I stayed out of sight, but listened and watched as this very large man and this woman of average build went at it, screaming nose to nose. It was vulgar. As it went on I realized she was more emotionally out of control. He seemed almost amused. At one point, while she was mid-rant, he leaned in and kissed her. I mean full out, French kissed her.
Passersby didn't know what to make of it. They were like me, it seemed, wondering if there was a situation here that warranted action. She kissed him back, then pulled away and resumed yelling. Soon it became clear to me that this was their dance.
As I went back to chilling on my couch, I thought about the song Blurred Lines and the fuss it caused a few years ago. Not the legal dustup that just happened with Marvin Gaye's family, but the one where some women felt this tune was a green light to rape. Their line of thinking is that there are no blurred lines. There's only yes and no.

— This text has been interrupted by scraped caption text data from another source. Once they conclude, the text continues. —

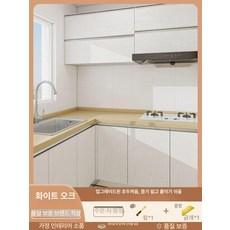 북유럽 스타일 럭셔리 모던 다이닝 카페 가구 심플한, 1단, 화이트오크 A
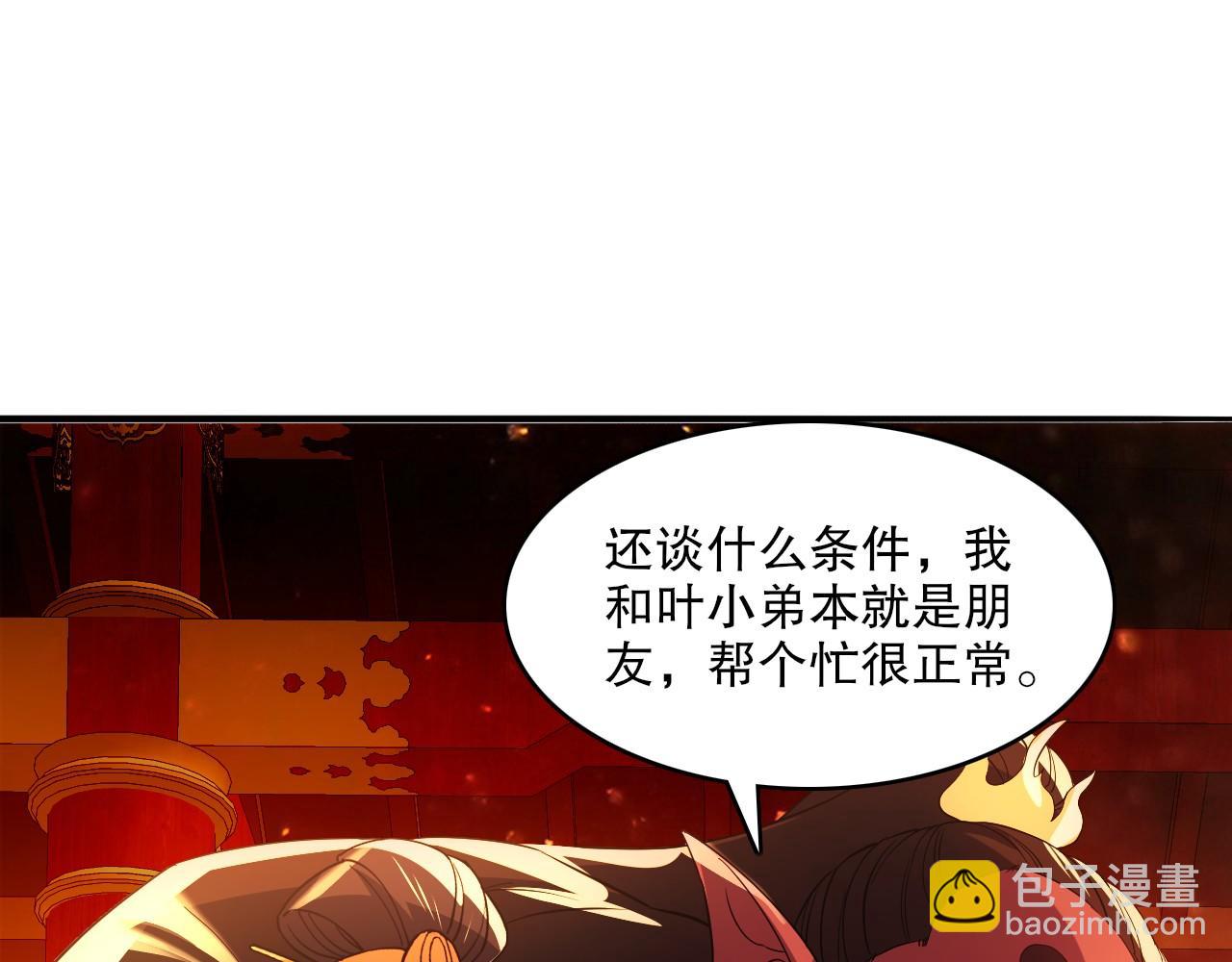 第145话 岌岌可危的联盟！(1/3)-第145话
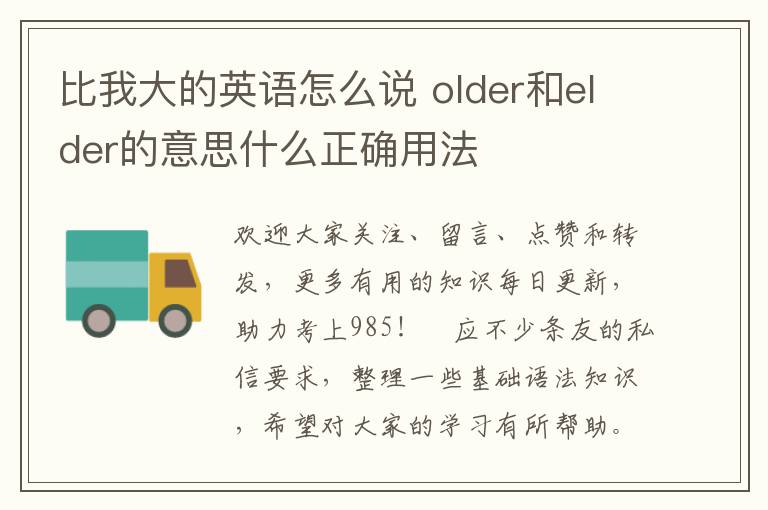 比我大的英语怎么说 older和elder的意思什么正确用法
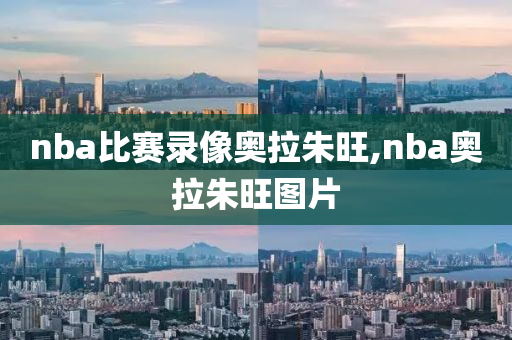 nba比赛录像奥拉朱旺,nba奥拉朱旺图片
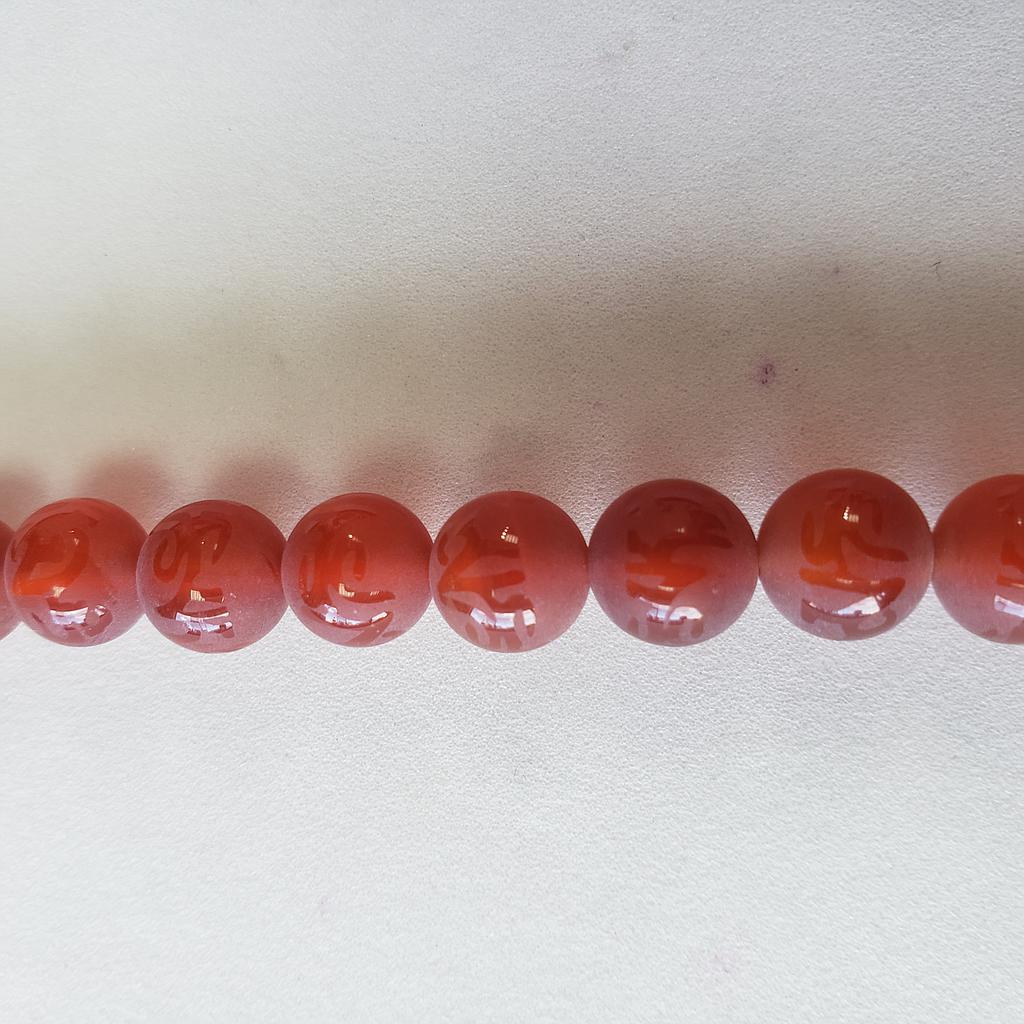 PIEDRA CARNELIA 8MM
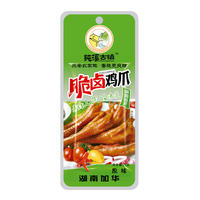 纯溪古镇 原味 脆卤鸡爪 22g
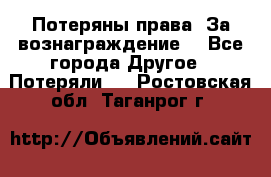 Потеряны права. За вознаграждение. - Все города Другое » Потеряли   . Ростовская обл.,Таганрог г.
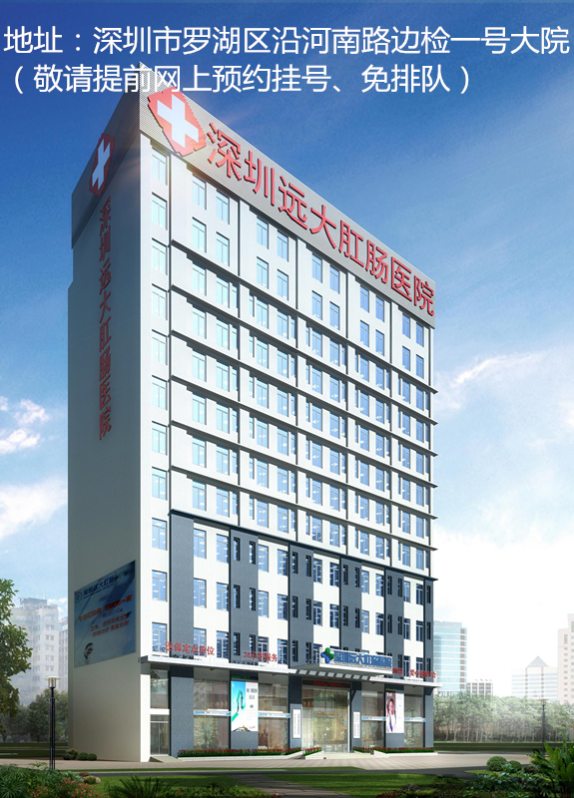 深圳远大肛肠医院大楼.png
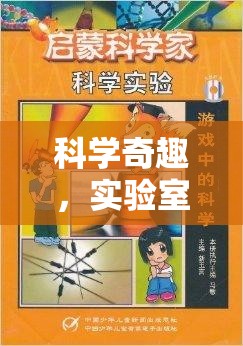 小小科學家游戲，實驗室里的科學奇趣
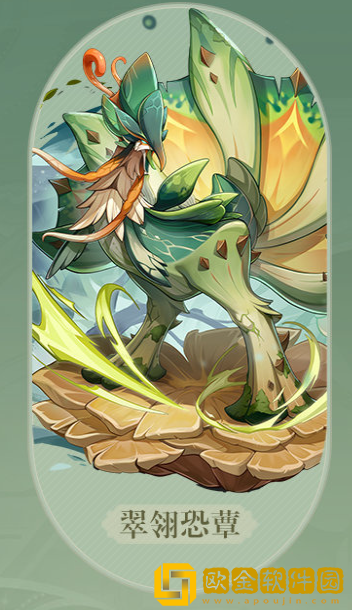 原神3.0新增怪物详解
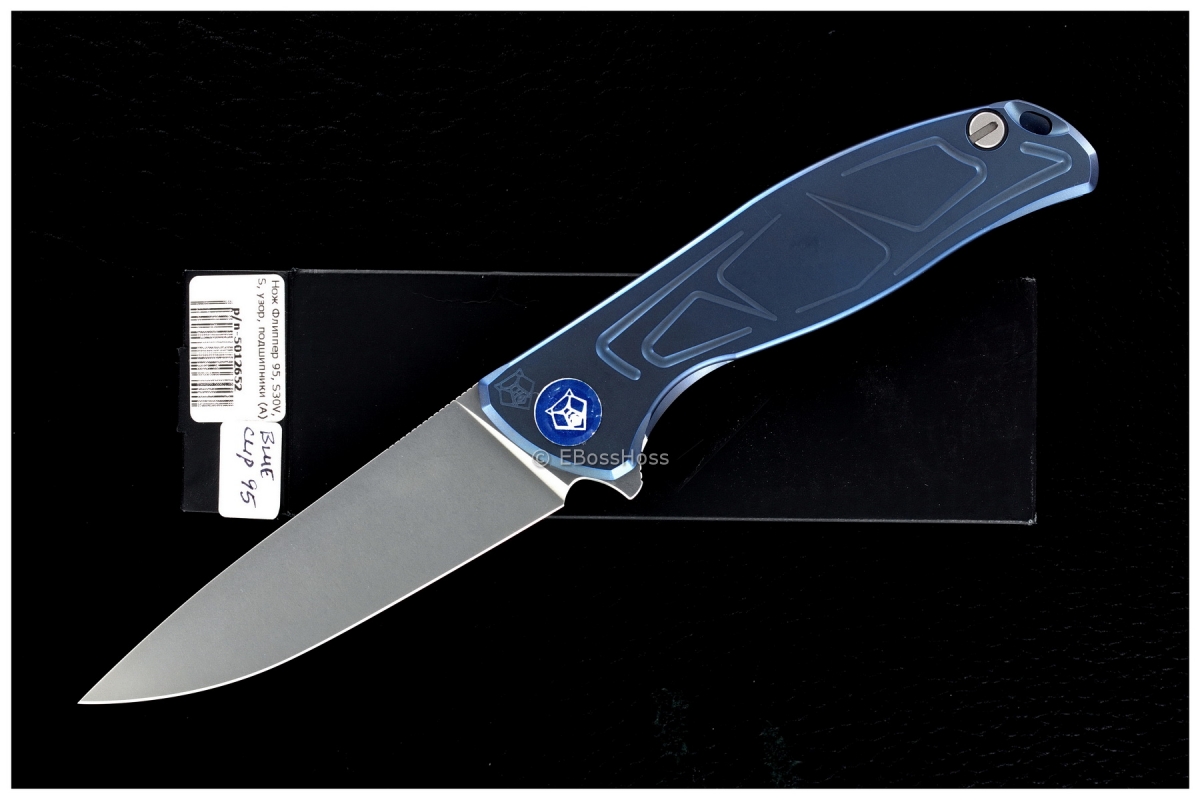 Shirogorov Bros Model 95 with Bearing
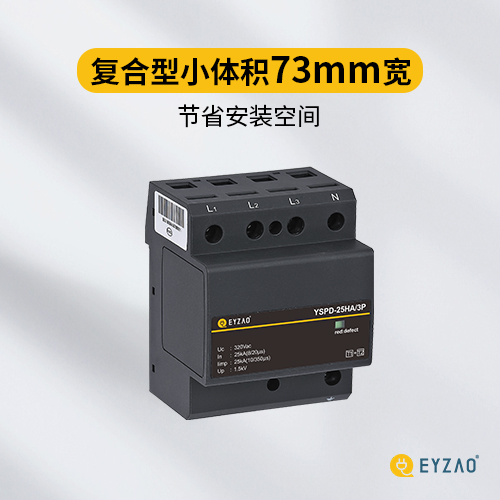 浪涌保護器t1t2差別-復合型小體積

But right outside my window I saw that isn't true. Of course there are blurred lines. Further, I believe it's essential that that be in the mix as this next wave of feminism sweeps in.
Recently at the Women in the World summit in New York, Hillary Clinton said this:
There has never been a better time in history to be born female.
As if she was reading my mind, she followed with:
Think about that.
I already was. That simple statement resonated deeply with me.
True confession. Lately I've been getting discouraged about our progress as a nation on the feminist front. There's still so much backlash around that particular 'f' word. Stereotypes abound. I have been almost weary, feeling like I was at the forefront of the battle for years and now I'm tired. I know this won't get me into the activists' hall of fame, but I often find myself thinking I just want to relax and reap some rewards and leave it to the next generation to fix.
But I know I can't close my toolbox. I have too much wisdom now. I am better than ever at using the written word to express, illuminate, rant, wonder.
Right now, in this cultural moment, it feels like it's sexuality that is pushing through gender boundaries faster than most other issues. That's why a song like Blurred Lines, even that very concept, triggers so many different responses among forward-thinking women. The ability to paint feminists with a broad brush is slowly going away. And for those who didn't get that memo, well, they're beginning to sound shrill. Our sexuality is ours.
Take this, for example. The acclaimed Broad City series on Comedy Central opens with a scene where Ilana -- via Skype or FaceTime -- talks to her BFF Abbi. It is only a few minutes into it that we, the audience, realize she is doing so while straddled on top of her 'friends with benefits' guy in the middle of having sex. Yes, I am talking penetration happening while she is chatting on a device.
I was amused, but probably more shocked.